15 September 2010 19:40  [Source: ICIS news]

WASHINGTON (ICIS)--A 15% ethanol blend in US gasolines would cause no performance issues for older automobiles and consequently poses no obstacle to a federal mandate for general distribution of E-15 fuels, an engineering group said on Wednesday.

The Renewable Fuels Association (RFA) issued an engineering study by Ricardo Inc concluding that “the adoption of E-15 as the blend limit for standard US pump grades of gasoline should not adversely affect” older cars.

The analysis by the London, UK-based engineering firm also said that “raising the blend ceiling to E-15 is likely to have negligible impact on vehicles manufactured between 1994 and 2000”.

The study came as the US Environmental Protection Agency (EPA) was about to announce a decision on a petition filed by US biofuels producers, who want the existing E-10 ethanol blend ceiling raised to E-15.

US oil producers and refiners have argued that the EPA does not have sufficient scientific basis for raising the ethanol blend limit and that E-15 fuels could damage older automobiles and engines used by off-road vehicles and hand-held powered equipment.
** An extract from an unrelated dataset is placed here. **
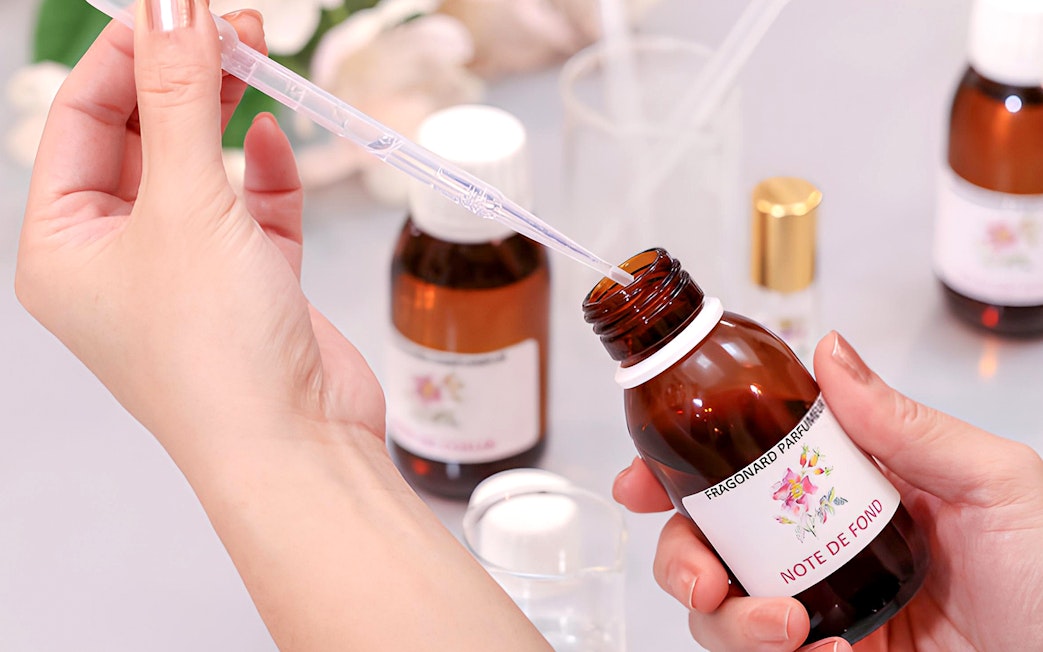 Perfume mixing at Fragonard Perfume Museum workshop in Paris.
The agency has indicated that it might authorise retail sale of E-15 fuels but only for newer vehicles manufactured in and since 2001.

Refiners warn that even such a partial approval for E-15 would cause a logistical and distribution nightmare and that some consumers would inevitably end up with the wrong fuel blend in their cars or equipment.
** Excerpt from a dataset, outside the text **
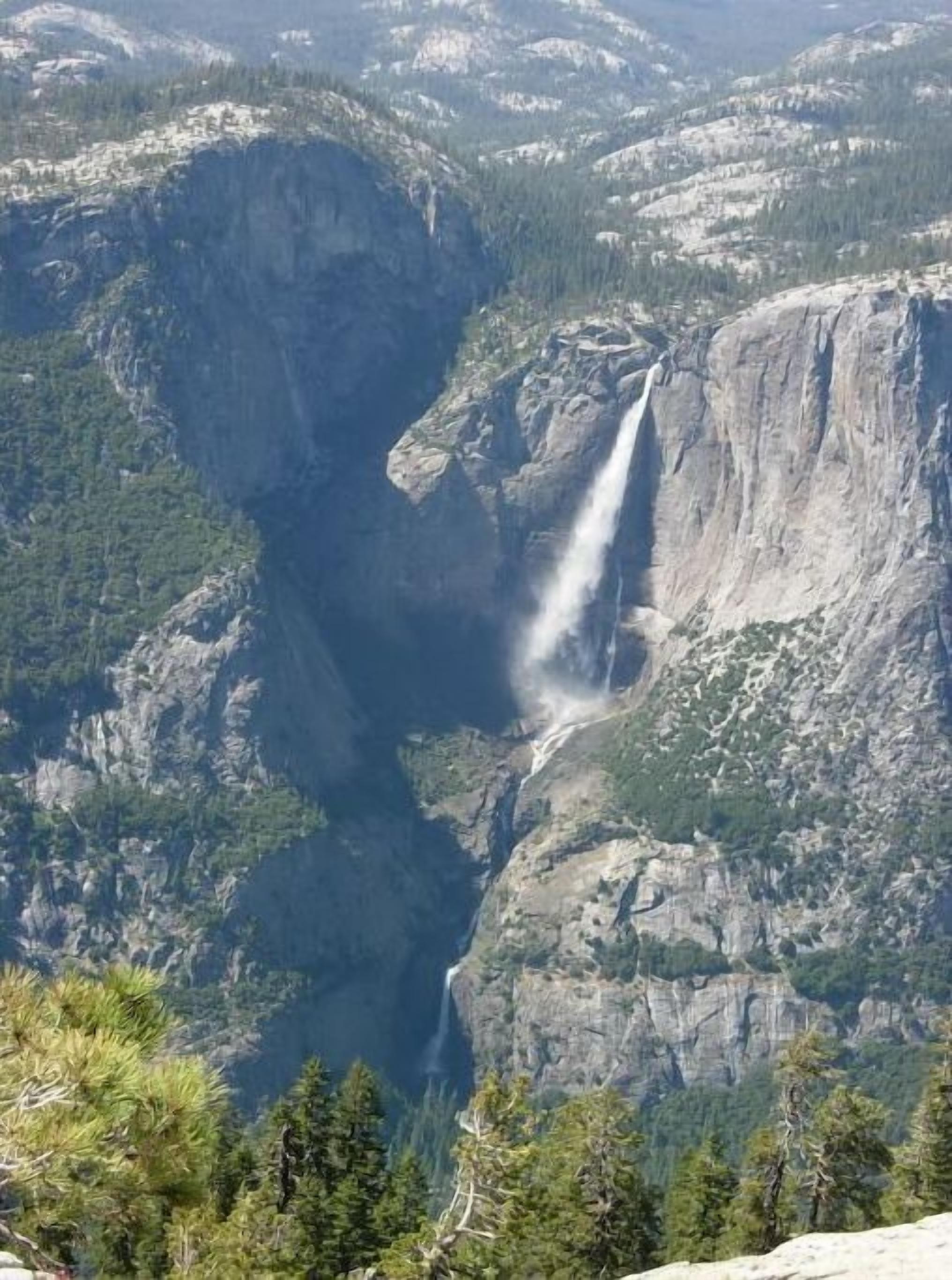A waterfall cascading down a steep cliff surrounded by dense forest.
The renewable fuels industry favours a general EPA approval for E-15 fuels, in part because they say that boost to US consumption of corn-ethanol is necessary to save the financially struggling biofuels industry.
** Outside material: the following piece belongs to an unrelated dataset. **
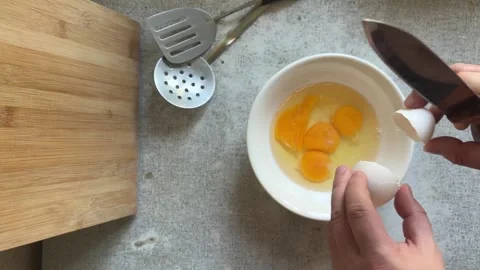 Man with knife breaks chicken egg at kitchen. Yellow yolk falls into white bowl Stock Footage 277173160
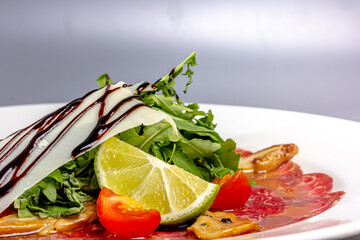 Beef carpaccio with parmesan, lime and arugula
Proponents also argue that the higher ethanol fuel blend would provide a demand-driven financial incentive to hoped-for commercial production of cellulosic ethanol made from non-food agricultural feedstocks.

Autos manufactured between 1994 and 2000 number nearly 63m and represent 25% of passenger and light-truck vehicles now on US roads, according to RFA and Ricardo.

“This analysis provides conclusive evidence for the EPA that there is no reason to limit the availability of  E-15 to newer vehicles only,” said RFA president Bob Dinneen.

He said that the Ricardo analysis along with others done by the Department of Energy (DOE) and private studies “shows that there are no significant issues with the use of E-15 in virtually all vehicles on  the road today”.

The EPA indicated earlier that it expected to have a decision on the E-15 petition by the end of this month, which is when the results of a DOE study of the E-15 issue also are expected.

Refiners and a broad coalition of other industries recently urged Congress to convene immediate hearings on the E-15 issue, arguing that EPA should further postpone its decision until the legislature can complete its inquiry.